Will see if i can get one for you



firewhatfire said:


> and just think that is the pen everyone on here wants you to make them since it just became a limited use material.
> 
> I like it.



LOL!! I know right..........actually its not in limited supply anymore..........its NO LONGER AVAILABLE:biggrin:



thewishman said:


> The final results is very striking. I understand about taking the material out of your inventory.



Thank you! I actually like it a lot, but i wasted a lot of time making one pen, when i could have made 2 or 3.



Chatham PenWorks said:


> LOL. The first thing I thought, even before the WOW, was how much of a )(%^ that stripe must have been to keep perfect.
> 
> That pen is a beautiful piece of work. Simply stunning.



Thanks!!



flash880 said:


> I love it!! But i have been trying to stay away from things that have to be drilled and aligned just exactly right. Great job on entire pen!!



Thanks!! I dont mind this kind of stuff for the most part, but this one just has one perfectly straight stripe right down the middle, so it was much more difficult.



vtturner said:


> Hope he doesn't take that many tries to get your wife's tattoo right!!!!



As mentioned above, he did it before he saw the pens:biggrin:


----------



## BSea (Dec 9, 2011)

Timebandit said:


> Thank you! I actually like it a lot, but i wasted a lot of time making one pen, when i could have made 2 or 3.


I wish I could waste a lot of time & end up with something like that. 

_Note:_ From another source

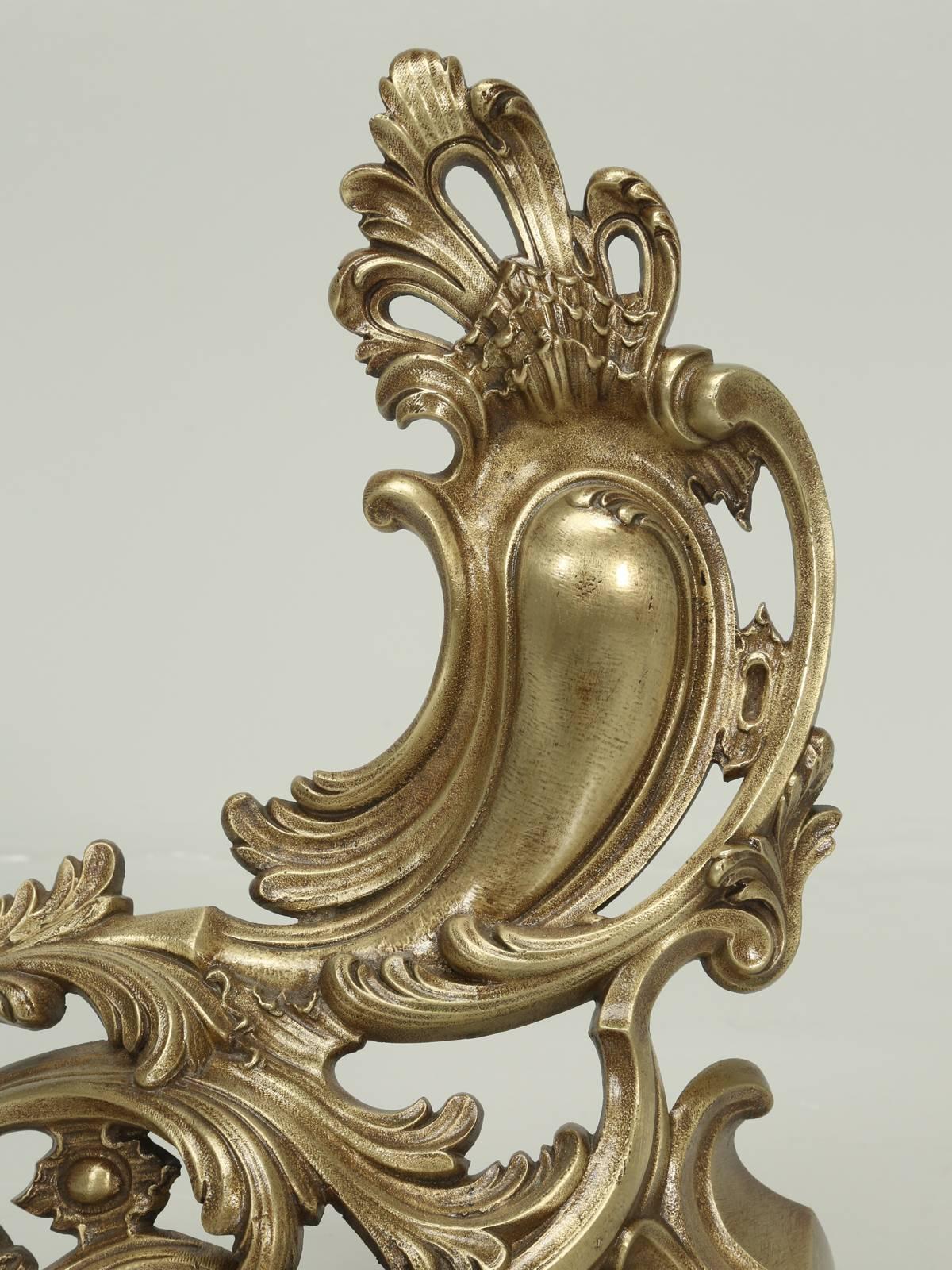 Antike französische Feuerböcke oder Chenets aus massiver Bronze im Rokoko-Stil  (Gegossen) im Angebot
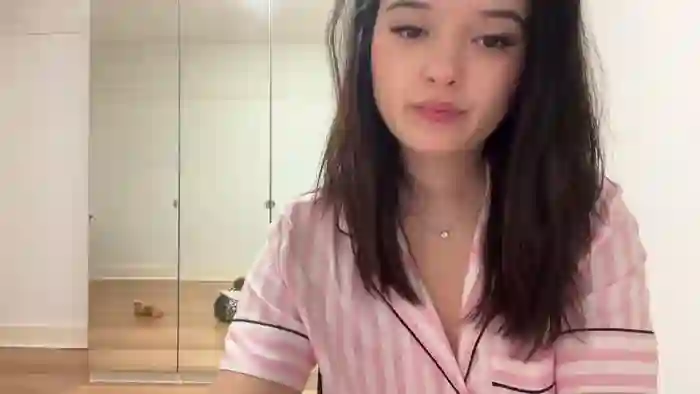 sarah_heart_aus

I'm not sure that's my favorite pen you've made, but it's in the top 3 for sure.


----------



## DurocShark (Dec 9, 2011)

Classy. I like it.


----------



## Scott (Dec 9, 2011)

I think this pen is beautiful!  I bet he will really enjoy having and using this pen.

Scott.


----------



## Jim15 (Dec 9, 2011)

The tatoo artist is a luck person. Awesome pen.


----------



## Timebandit (Dec 9, 2011)

BSea said:


> Timebandit said:
> 
> 
> > Thank you! I actually like it a lot, but i wasted a lot of time making one pen, when i could have made 2 or 3.
> ...



Thanks Bob! In the end it wasnt time wasted, it was just the in between time that was:biggrin:



DurocShark said:


> Classy. I like it.



Thanks!!



Scott said:


> I think this pen is beautiful!  I bet he will really enjoy having and using this pen.
> 
> Scott.



Thanks Scott! He loved it!!



Jim15 said:


> The tatoo artist is a luck person. Awesome pen.



Thanks Jim!!


----------



## wizard (Dec 10, 2011)

*Beautiful!!*

Hey Sensei...BEAUTIFUL PEN !!:biggrin: .. Once again, your attention to detail and tenacity, despite a series of unfortunate events, is unmatched....LOL... I'm sure you probably will have nightmares if you see a rod like that again. That is a wickedly curved front section....Regards, Doc


----------



## Timebandit (Dec 12, 2011)

wizard said:


> Hey Sensei...BEAUTIFUL PEN !!:biggrin: .. Once again, your attention to detail and tenacity, despite a series of unfortunate events, is unmatched....LOL... I'm sure you probably will have nightmares if you see a rod like that again. That is a wickedly curved front section....Regards, Doc



Thanks Grasshopper!!! I have already been seeing a counselor about the dreams........Please dont bring it up again:biggrin:......they might lock me up


----------



## Brooks803 (Dec 12, 2011)

Atleast now I know what to get you for Christmas Justin :tongue::wink::biggrin::devil::devil::devil:


----------



## Timebandit (Jan 8, 2012)

Brooks803 said:


> Atleast now I know what to get you for Christmas Justin :tongue::wink::biggrin::devil::devil::devil:



 Im glad we don t live close together, I would have been mad to receive some of this for Christmas


----------